Ni el rey ni el papa deben hablar a diario

OPINIÓN

06 ene 2015 . Actualizado a las 05:00 h.

Entre las frases más citadas de la historia se coló una de Felipe II -«Yo no envié mis barcos a luchar contra los temporales»- que, sin negar que es ocurrente, no tiene ninguna enjundia. Y la razón por la que el rey prudente entró en el ránking de los más hábiles -con el «alea jacta est» de Cesar, el «to be or not to be» de Hamlet, y el «tranquilo, Jordi, tranquilo» de Juan Carlos- no hay que buscarla en su locuacidad y prolija presencia, sino, exactamente, en todo lo contrario. Porque los discursos están sometidos a la ley de la devaluación, y cuando se multiplican, su valor de mercado -con independencia del coste de producción- tiende a cero.

Por eso aprovecho esta Pascua Militar del 2015 para decir que los discursos de Felipe VI ya están en grave riesgo de devaluación por tres motivos. Porque su reciente coronación, y la urgencia que él mismo siente por romper con el quinquenius horribilis de su padre, generan una expectación tan grande que es imposible no defraudarla. Porque, dada la baja cultura monárquica de España, los discursos del rey se juzgan con los mismos criterios que se aplican a los políticos, por lo que su calificación final, por alta que sea en las formas, se hunde siempre en los contenidos. Y porque tenemos una monarquía que, siendo prolífica en actos de tipo protocolario, como la Pascua Militar, carece de un momento solemne -como el Discurso de la Corona- en el que hable el Gobierno por boca del rey.

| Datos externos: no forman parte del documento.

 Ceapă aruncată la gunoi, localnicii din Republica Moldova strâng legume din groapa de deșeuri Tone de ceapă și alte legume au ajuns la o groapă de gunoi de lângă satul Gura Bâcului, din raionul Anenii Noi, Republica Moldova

En una monarquía parlamentaria como la española es casi imposible que un discurso del rey sea correcto si no es tópico, predecible y equidistante. Y por eso es muy probable que, si sigue hablando en todas partes, la figura de Felipe VI se haga muy pronto ligera e irrelevante. Para evitar este riesgo puede imitar el modelo de la reina de Inglaterra -muy presente, pero casi siempre calladita-, o el del emperador del Japón -reservón y prácticamente mudo-, porque ni Demóstenes hubiese salido airoso del trance si sus palabras fuesen examinadas por una prensa obligada a descubrir todos los días una piedra filosofal. A Felipe VI le conviene evitar lo que sucedió con el discurso de Navidad, que, reducido a su inevitable banalidad, fue comentado después, como si hubiese hablado Churchill, por una nube de corifeos y aduladores que piensan que inflando el globo se le hace un servicio a España. Y eso, si no lo evita ahora, no podrá corregirlo jamás.

Y, ya que estamos criticando a las altas esferas, voy a aprovechar que el Lérez pasa por Forcarei para romper -por idénticos motivos- la euforia discursiva que vive el orbe católico. Porque de la comparación siempre se puede aprender, y porque tanto Felipe como Francisco pueden ser alumnos aventajados. Así que ¡te lo digo, rey, para que me escuches, papa! Que tampoco hay que escribir un nuevo Evangelio cada día.